Everything from the line containing "USB-A 15m Extension" to the end of the records below should be repeated exactly, with no other lines added.

- [Data in this exercise]:
# # #

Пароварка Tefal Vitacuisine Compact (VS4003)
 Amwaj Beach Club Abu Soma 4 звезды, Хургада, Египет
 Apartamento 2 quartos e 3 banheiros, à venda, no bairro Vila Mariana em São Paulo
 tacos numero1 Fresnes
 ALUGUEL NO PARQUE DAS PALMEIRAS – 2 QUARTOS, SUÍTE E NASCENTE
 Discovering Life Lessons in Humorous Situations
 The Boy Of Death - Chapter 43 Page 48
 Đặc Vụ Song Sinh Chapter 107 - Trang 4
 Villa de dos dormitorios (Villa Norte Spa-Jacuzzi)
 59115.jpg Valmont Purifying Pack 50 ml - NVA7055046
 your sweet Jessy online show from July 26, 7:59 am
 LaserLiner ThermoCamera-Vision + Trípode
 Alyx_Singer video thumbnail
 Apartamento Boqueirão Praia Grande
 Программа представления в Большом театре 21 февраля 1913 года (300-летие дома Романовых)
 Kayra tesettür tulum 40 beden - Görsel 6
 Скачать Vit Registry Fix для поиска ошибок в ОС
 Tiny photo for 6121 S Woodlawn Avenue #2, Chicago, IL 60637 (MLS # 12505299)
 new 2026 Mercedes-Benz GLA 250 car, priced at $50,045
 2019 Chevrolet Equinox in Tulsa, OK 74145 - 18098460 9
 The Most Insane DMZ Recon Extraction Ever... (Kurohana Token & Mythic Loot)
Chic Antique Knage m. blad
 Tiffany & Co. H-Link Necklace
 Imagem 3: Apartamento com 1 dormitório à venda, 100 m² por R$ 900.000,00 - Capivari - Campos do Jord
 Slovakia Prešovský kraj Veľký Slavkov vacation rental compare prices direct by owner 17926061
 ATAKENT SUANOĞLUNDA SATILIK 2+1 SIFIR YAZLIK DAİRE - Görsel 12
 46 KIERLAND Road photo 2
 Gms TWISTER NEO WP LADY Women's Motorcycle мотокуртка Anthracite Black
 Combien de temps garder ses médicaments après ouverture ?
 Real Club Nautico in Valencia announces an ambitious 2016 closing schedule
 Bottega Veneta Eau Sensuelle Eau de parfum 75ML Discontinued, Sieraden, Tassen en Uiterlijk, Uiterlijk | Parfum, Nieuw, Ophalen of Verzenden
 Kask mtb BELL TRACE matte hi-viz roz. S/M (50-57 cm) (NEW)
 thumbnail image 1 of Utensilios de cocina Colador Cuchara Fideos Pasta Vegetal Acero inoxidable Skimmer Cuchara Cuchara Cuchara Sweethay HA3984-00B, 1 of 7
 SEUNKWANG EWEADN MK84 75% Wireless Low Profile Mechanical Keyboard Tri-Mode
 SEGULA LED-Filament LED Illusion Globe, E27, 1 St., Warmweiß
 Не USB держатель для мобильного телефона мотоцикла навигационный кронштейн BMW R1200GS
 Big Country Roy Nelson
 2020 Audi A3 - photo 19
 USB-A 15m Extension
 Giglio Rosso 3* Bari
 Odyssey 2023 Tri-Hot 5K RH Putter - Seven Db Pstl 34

# # #

- [Output of the exercise]:
 USB-A 15m Extension
 Giglio Rosso 3* Bari
 Odyssey 2023 Tri-Hot 5K RH Putter - Seven Db Pstl 34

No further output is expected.